Understanding both is necessary in our quest to get clear on the thinking that scares us, the behaviors that keep us locked in anxiety, and in changing that thinking and those behaviors. Let’s wade in…

Indirect Self-Hate 1

Indirect self-hate

Indirect Self-Hate can be summarized with 2 basic elements:

Illusions (of one kind or another)
Impossible Standards

Illusions. Illusions, when they are part of story-telling or movie-making, can be brilliant things. They can add reality and dimension, making unreal things look real. That’s outstanding if you’re watching a Star Wars classic. It isn’t, however, so useful when it comes to living life in a healthy and nurturing fashion…

To talk in a helpful way about illusion we first have to get clear WHY in the first place we started generating illusions about life. Illusions serve as self-comforting, self-protective shields in the face of a life or set of experiences that are punishing, even intolerable (especially when we are young, and first learning to deal with the world.)

Illusions buffer us from our world. In the learning about how to cope with the world and other people in the world – the reason self-hate comes into existence in the first place – we can learn that the world is confusing, irrational, unsafe, dangerous, very, very risky. Illusion can give us some breathing room to cope with that pressure and fear.

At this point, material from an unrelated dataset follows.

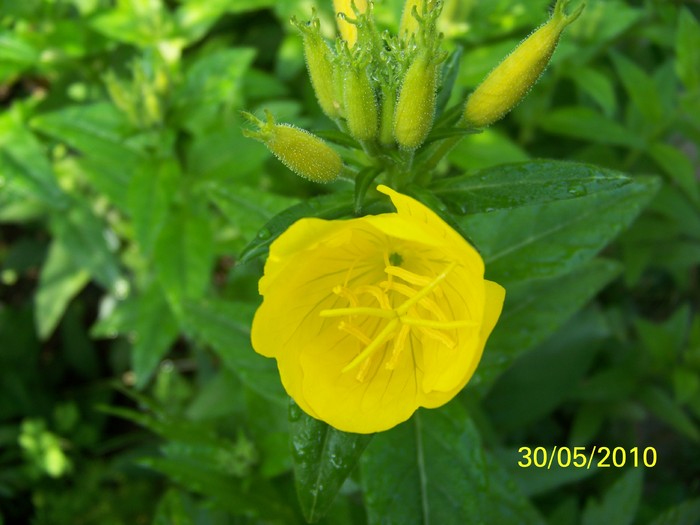 100_0531 - 27-31 Mai 2010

From that perspective it might be argued that illusion can serve a useful purpose. I won’t argue with that – at least at the beginning. The problem comes when we get to adulthood, get away (hopefully) from that terrible context/situation, and go live in the world ourselves.

So understand that we didn’t set OUT to generate and live in illusions – we did it because we needed some mental and emotional distance from the situation we were in at the time.

Kinds of Illusion

What kind of illusions are we talking about? Let’s start with the illusions we weave around ourselves. One illusion is that we are dependent people – that we can’t take care of ourselves. Weirdly enough this illusion can provide a feeling of safety. We default to other people in the having to manage the world thing, while we retreat behind our helplessness and supposed inability to cope.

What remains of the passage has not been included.